See other suggested metadata methods.
This document describes the proposed Multimedia Metadata Format (M3F) for the Ogg container. The format is built on the Extensible Markup Language (XML). It is intended to describe any kind of multimedia (audio, video, text, images, etc) that can reside in the Ogg container.
Multimedia Metadata Format documents describe media resources in Ogg containers and stream. The format can link resources with one another for media players that support rendering multiple kinds of media. (Such as audio tracks and albumart; and video and commentary audio overlays.)
No element except ‘metadata’ is required. But some elements have required attributes.
All dates must be formatted as ISO 8601:2000 – International Date and Time Format.
XML, declaration, and name spaces
A metadata document must have a standard XML declaration on the very first line. The XML deceleration must contain the ‘version’ and ‘encoding’ attributes.
<?xml encoding="UTF-8" version="1.0" ?>
Encoding should default to Unicode/UTF-8. XML version should always use the oldest version were desired features are available, as per the XML specifications. Only when features not pressent in older XML versions are required should a newer version be used.
In addition the XML attributes ‘base’ and ‘lang’ may be used. Refer to them with an ‘xml:’ prefix if used in any element except the XML declaration. The optional ‘base’ attribute defines the base URI for compleating relative URIs. This value must default to the current Ogg Container. (Basically all other URIs in the format is relative. The attribute is usefull for formats other than Ogg.) The attribute is inherited by all children. The optional ‘lang’ element describes the language of a resource using three letter ISO 639-3 codes. Note that this element should only be used on the ‘resource’ element or in the XML declaration for easier software parsing. The attribute is inherited by all children and have no default value.
The ‘metadata’ element is required as the top level container. It must contain at least one XML name space defining the format via the ‘xmlns’ attribute. (The URL used in the example is not the final address as no name space have been created yet.)
<metadata xmlns="http://xmlns.xiph.org/metadata/0.1/"> […]</metadata>
The Multimedia Metadata Format can be extended by including multiple XML name spaces to the ‘metadata’ element. As with any other XML format: Software may not add, modify, or expect elements and attributes not defined by a XML name space.

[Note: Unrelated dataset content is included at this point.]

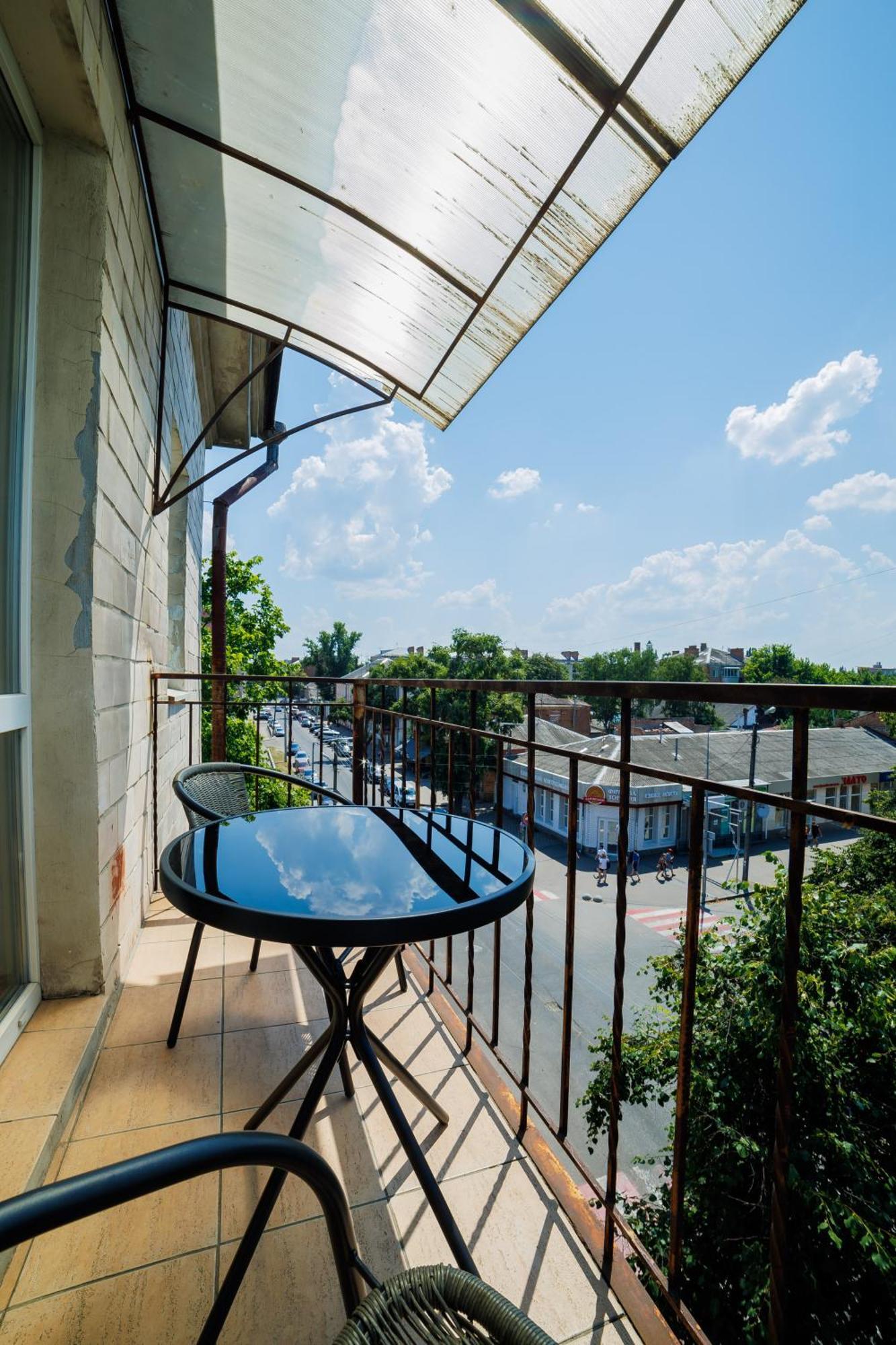 Квартира Антиквара У Центрі Полтави Мережа Alexapartments Документи Для Відряджень Безконтатне Заселення Цілодобово Poltava Esterno foto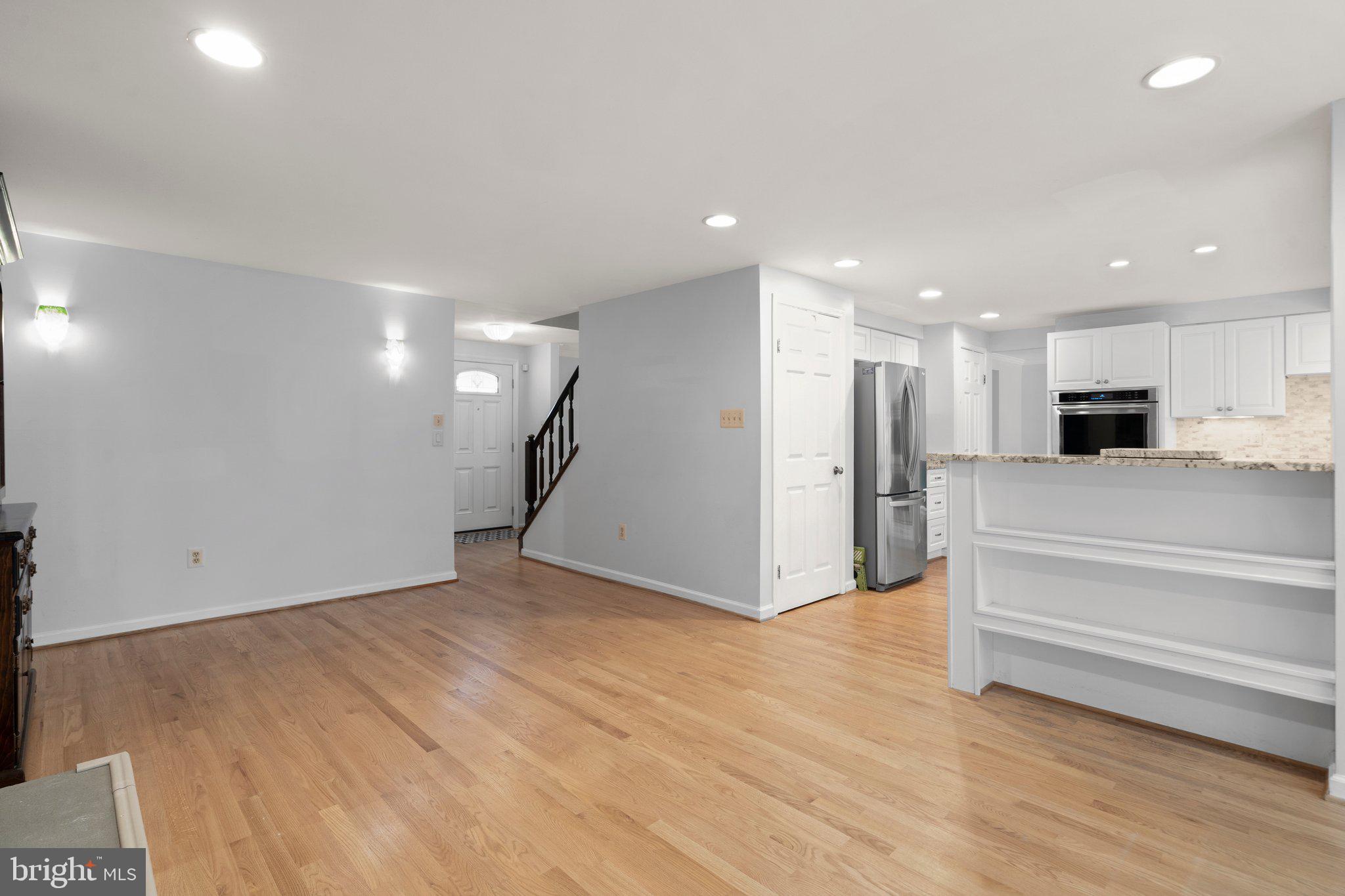 1033 Windmill Lane Silver Spring, MD 20905 - Photo 5 of 58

The ‘xml:lang’ can be used on any element, and it is inherited from parent elements. In the below example, the first title element inherits ‘eng’ as its language from the ‘resource‘ parent element. A player may present any title, but should prefer the global language (language of the ‘metadata’ element) or the user’s language, as specified by the player. If the player’s interface language (or possibly a dedicated metadata language option) is German (ISO 639-3:deu), than it should assume the user prefers the German title.
<resource […] xml:lang="eng"> <title>The Science of Sleep</title> <title xml:lang="deu">Anleitung zum Träumen</title> <title xml:lang="ita">La science des rêves</title></resource>
Addressing the media resource
Media resources in the stream is described as ‘resource’ children of the ‘metadata’ element. Each resource element must have a ‘oggserial’ linking it to the correct chunk in the stream. It must also have a ‘type’ attribute with the native MIME type of the resource.
<resource oggserial="0×EXAMPLE" type="audio/vorbis"> […]</resource>
The ‘uri’ attribute may be used in stead of ‘oggserial’. For ogg serials the URI would be ‘urn:oggserial:#0×EXAMPLE’. (Other container and native file formats may specify any URI that works with that format.)
Resource elements can also have an optional unique ‘xml:id’ attribute. The ‘xml:id’ attribute is used as a label when the resource needs to be addressed by another resource element.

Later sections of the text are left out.